Café et tatouages ? Il est presque impossible de les mettre en relation, mais, chez Spokes, la rencontre de ces deux « produits » n’est pas un hasard. Cette année, la cafétéria a débuté dans une collaboration avec la White Whale Foundation (Fondation Baleine Blanche). Les petites tasses de café furent remplacées par des encriers et, en lieu et place des clients, sont accueillis des jeunes quittant les bandes pour commencer une nouvelle vie. Quant aux tatouages, les symboles qui ont marqué leur sombre passé ont fait place à des dessins colorés. L’un de ces jeunes a même lancé une boulangerie et porte maintenant sur son bras le symbole de sa nouvelle passion.

À ce stade de l’histoire, je ne sais si la spécialité de cette petite entreprise est le café ou le soin des autres. Gare à l’arôme du café !

Bien que la période mette sous les projecteurs les biscuits de pain d’épice, comme celui que j’ai mangé, les « protagonistes » de ce café sont normalement les beignets. Ronds, doux, colorés et délicieux. Bien que ça n’ait pas été toujours le cas ! Dans un premier temps, Rolando avait demandé à leur fabricant la permission de pouvoir distribuer ses beignets, connus dans tout le Guatemala pour leur excellente qualité. Mais il a refusé, déclarant qu’il n’était pas intéressé. Alors, Rolando lui a demandé s’il avait des beignets à donner, parce qu’il voulait les amener aux enfants pauvres. Le fabricant de beignets a dit oui, il en avait un peu. Après quelques semaines, l’homme voulait donner plus de beignets, et plus encore.  En peu de temps, il fut touché par cette expérience et accepta finalement de vendre ses beignets à Spokes :  une bonne action qui a ouvert la voie à une relation d’affaires.

Mon café s’est un peu refroidi – je ne pouvais pas tout le boire, quand il était encore chaud -, à l’écoute de tant d’histoires qui ont laissé leur marque sur cette entreprise. Parmi elles, celles depuis le jour où les bénéfices des ventes soutiennent des causes spécifiques: la collaboration avec la Fondation Digna, pour favoriser l’intégration de personnes handicapées; la promotion des petites entreprises locales pour faire avancer l’économie de la région ; les jours de distribution de nourriture aux personnes à ressources limitées, etc.

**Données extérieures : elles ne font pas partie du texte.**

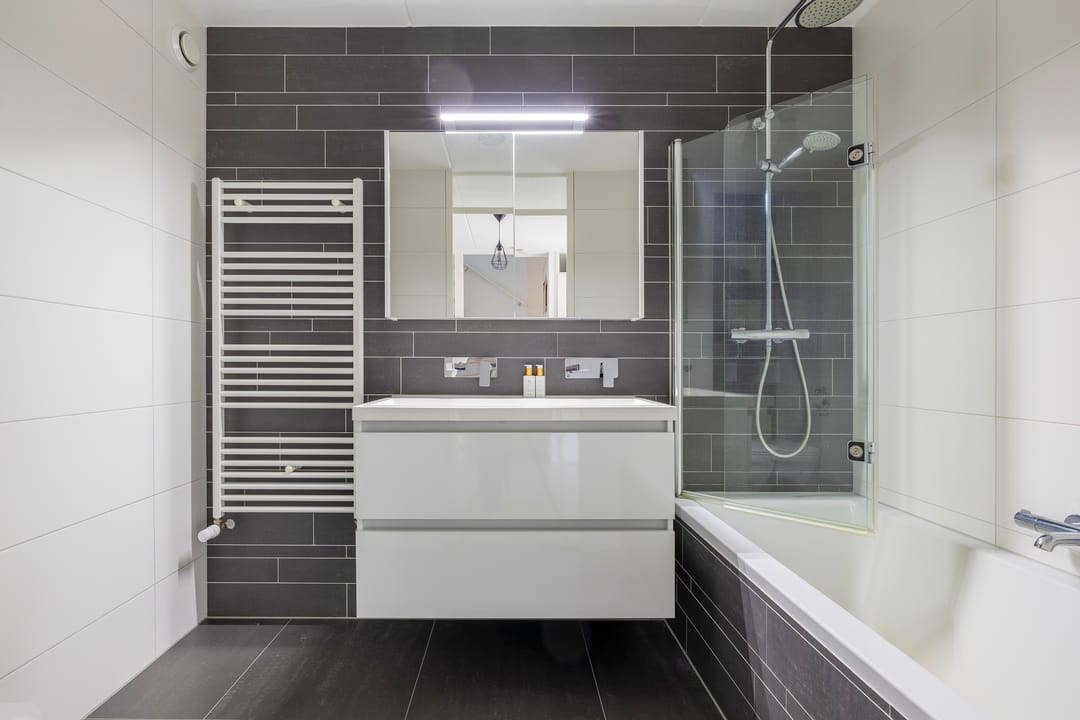 Foto 16 van Waterviolier 60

Rolando le dit clairement, et par cœur : « En vérité, je vous le dis : quoi que vous ayez fait à l’un de ces plus petits, qui sont mes frères, c’est à moi que vous l’avez fait » (Matthieu 25,40).

Pour l’instant Spokes est un petit établissement, mais en même temps un grand tremplin pour de grandes opportunités. Rolando aspire à pouvoir en ouvrir un autre, et ainsi-de-suite, où l’ingrédient principal ne soit pas seulement le café, mais aussi l’insertion de celles et ceux le plus sans défense. « Nous vivons dans une société très individualiste, mais ceux qui font preuve de bonté doivent s’unir – dit Rolando -, je n’ai pas l’esprit d’un entrepreneur, mais celui de quelqu’un qui rêve ».